TASK MATERIAL: Begin

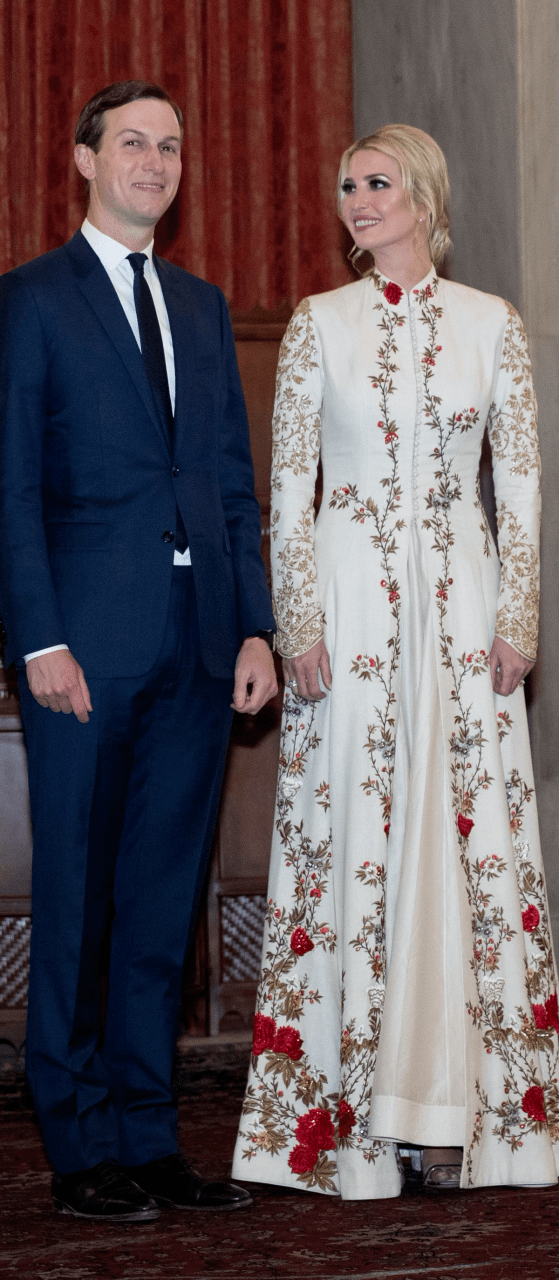 千金|伊万卡母女在街头散步!挂脖背心秀出蚂蚁腰,“退休”后变得好美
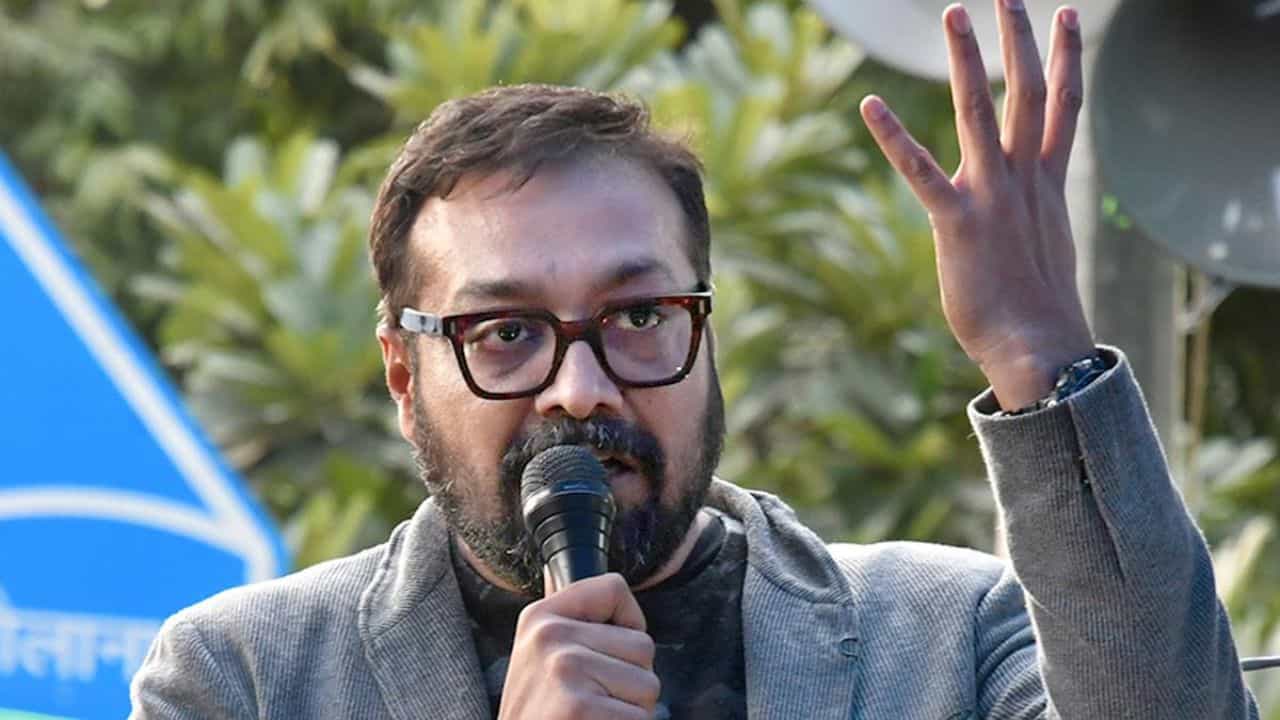 ಬಾಲಿವುಡ್ ಬಿಟ್ಟು ಶಾರುಖ್ ಖಾನ್ಗಿಂತಲೂ ಬ್ಯುಸಿಯಾದ ನಿರ್ದೇಶಕ ಬಾಲಿವುಡ್ ಬಿಟ್ಟು ಶಾರುಖ್ ಖಾನ್ಗಿಂತಲೂ ಬ್ಯುಸಿಯಾದ ನಿರ್ದೇಶಕ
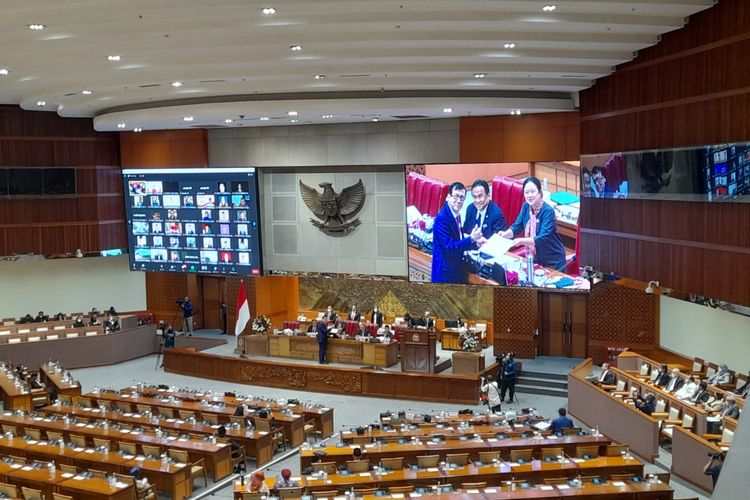 Menteri Hukum dan HAM Yasonna Laoly dan Ketua DPR Puan Maharani dalam rapat paripurna ke-13, Masa Persidangan Kedua Tahun Sidang 2022-2023, Kamis (15/12/2022).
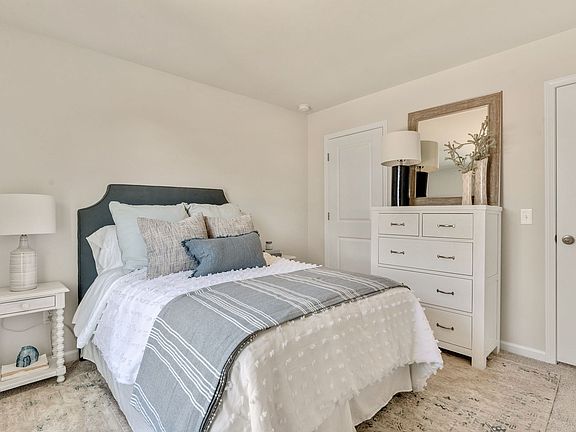 5th image of 546 Sandy Hollow Dr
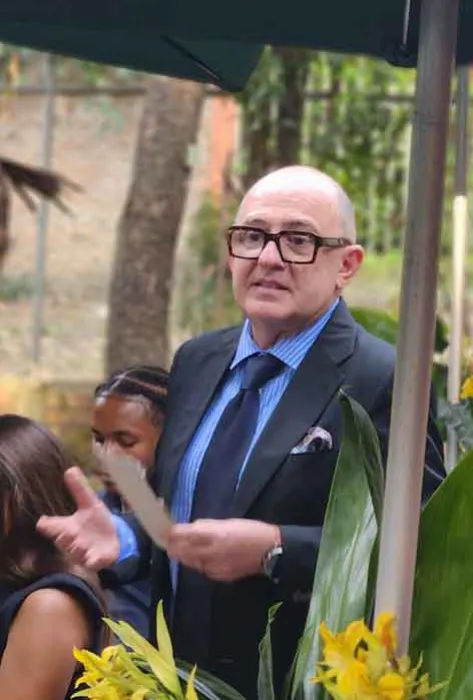 El pasado 16 de septiembre se llevó a cabo la graduación de la primera cohorte de la carrera de Gastronomía y Artes Culinarias en la Universidad Javeriana Cali. Sebero Ugarte, director del programa y colaborador desde 2018, compartió sus sentimientos encontrados sobre este logro. “Siento un alivio profundo, porque ha sido un gran reto establecer una carrera profesional en gastronomía en Cali, especialmente considerando que comenzamos en medio de la pandemia. Pero ha sido una apuesta institucional”. El pasado 16 de septiembre se llevó a cabo la graduación de la primera cohorte de la carrera de Gastronomía y Artes Culinarias en la Universidad Javeriana Cali. Sebero Ugarte, director del programa y colaborador desde 2018, compartió sus sentimientos encontrados sobre este logro. “Siento un alivio profundo, porque ha sido un gran reto establecer una carrera profesional en gastronomía en Cali, especialmente considerando que comenzamos en medio de la pandemia. Pero ha sido una apuesta institucional”.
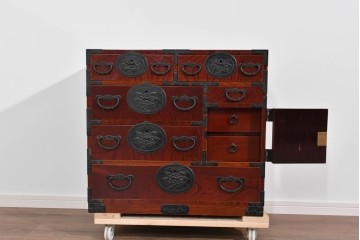 和製ヴィンテージ　希少‼　名工　八重樫繁作　上質な雰囲気を醸し出す手打ち金具付きの仙台小箪笥　(R-085243)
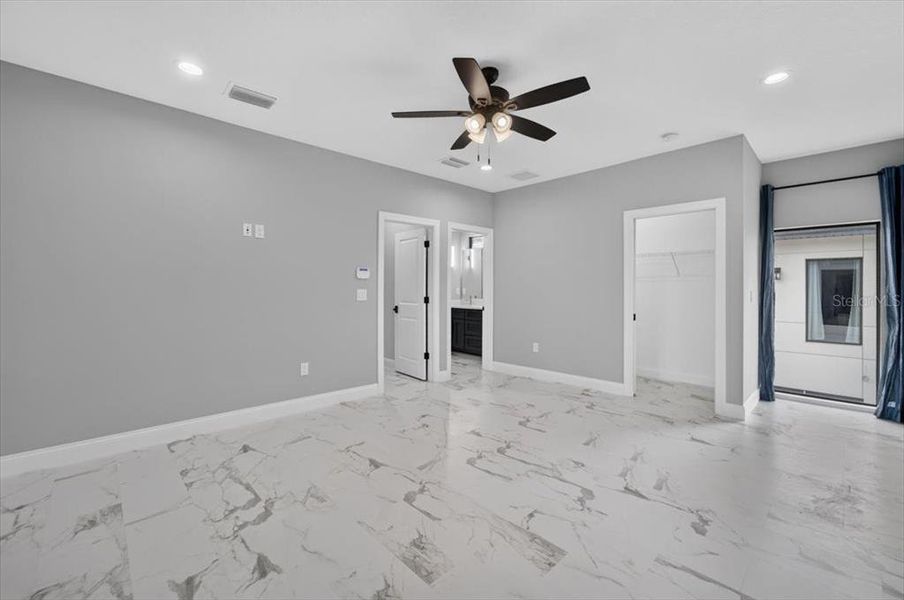 Spacious, unfurnished interior of a new home in , Tampa (Image 28).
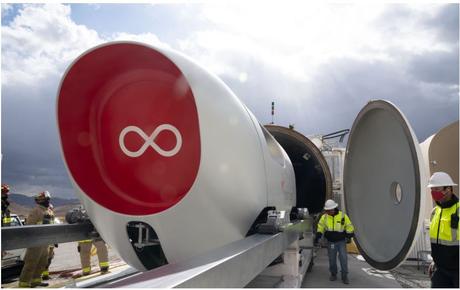 Dos pasajeros viajan de forma segura en un Hyperloop por primera vez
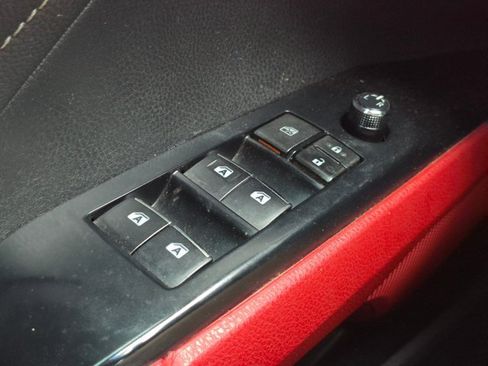 Used 2018 Toyota Camry XSE FWD image 12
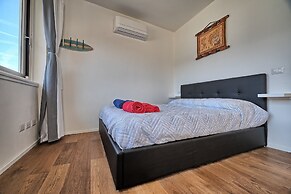 Marina Apartments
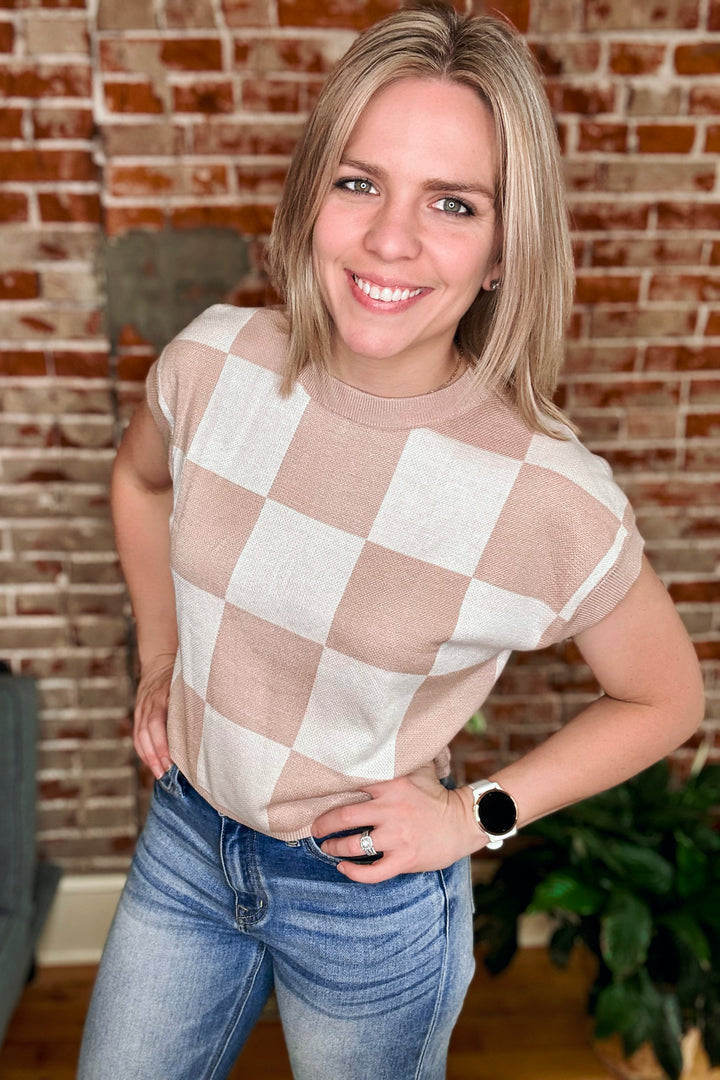 Checkered Round Neck Cap Sleeve Knit top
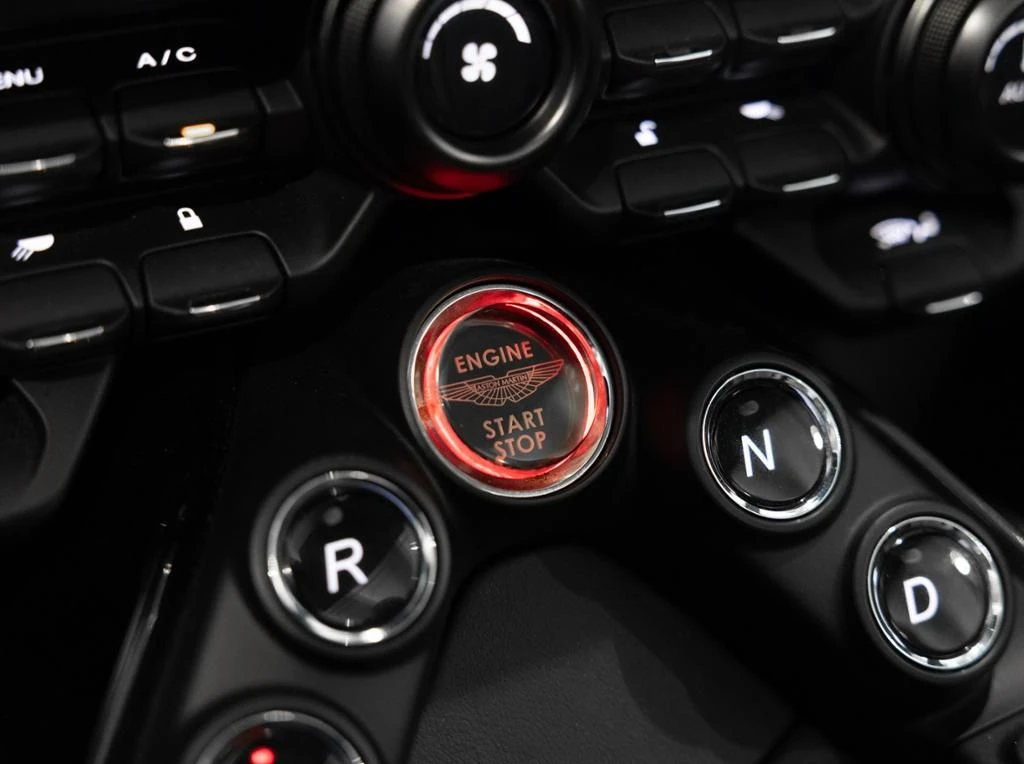 Aston Martin-V8 Vantage-image-29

TASK MATERIAL: End

Please hand back every entry above exactly, with no images in the copy.

 千金|伊万卡母女在街头散步!挂脖背心秀出蚂蚁腰,“退休”后变得好美
 ಬಾಲಿವುಡ್ ಬಿಟ್ಟು ಶಾರುಖ್ ಖಾನ್ಗಿಂತಲೂ ಬ್ಯುಸಿಯಾದ ನಿರ್ದೇಶಕ ಬಾಲಿವುಡ್ ಬಿಟ್ಟು ಶಾರುಖ್ ಖಾನ್ಗಿಂತಲೂ ಬ್ಯುಸಿಯಾದ ನಿರ್ದೇಶಕ
 Menteri Hukum dan HAM Yasonna Laoly dan Ketua DPR Puan Maharani dalam rapat paripurna ke-13, Masa Persidangan Kedua Tahun Sidang 2022-2023, Kamis (15/12/2022).
 5th image of 546 Sandy Hollow Dr
 El pasado 16 de septiembre se llevó a cabo la graduación de la primera cohorte de la carrera de Gastronomía y Artes Culinarias en la Universidad Javeriana Cali. Sebero Ugarte, director del programa y colaborador desde 2018, compartió sus sentimientos encontrados sobre este logro. “Siento un alivio profundo, porque ha sido un gran reto establecer una carrera profesional en gastronomía en Cali, especialmente considerando que comenzamos en medio de la pandemia. Pero ha sido una apuesta institucional”. El pasado 16 de septiembre se llevó a cabo la graduación de la primera cohorte de la carrera de Gastronomía y Artes Culinarias en la Universidad Javeriana Cali. Sebero Ugarte, director del programa y colaborador desde 2018, compartió sus sentimientos encontrados sobre este logro. “Siento un alivio profundo, porque ha sido un gran reto establecer una carrera profesional en gastronomía en Cali, especialmente considerando que comenzamos en medio de la pandemia. Pero ha sido una apuesta institucional”.
 和製ヴィンテージ　希少‼　名工　八重樫繁作　上質な雰囲気を醸し出す手打ち金具付きの仙台小箪笥　(R-085243)
 Spacious, unfurnished interior of a new home in , Tampa (Image 28).
 Dos pasajeros viajan de forma segura en un Hyperloop por primera vez
 Used 2018 Toyota Camry XSE FWD image 12
 Marina Apartments
 Checkered Round Neck Cap Sleeve Knit top
 Aston Martin-V8 Vantage-image-29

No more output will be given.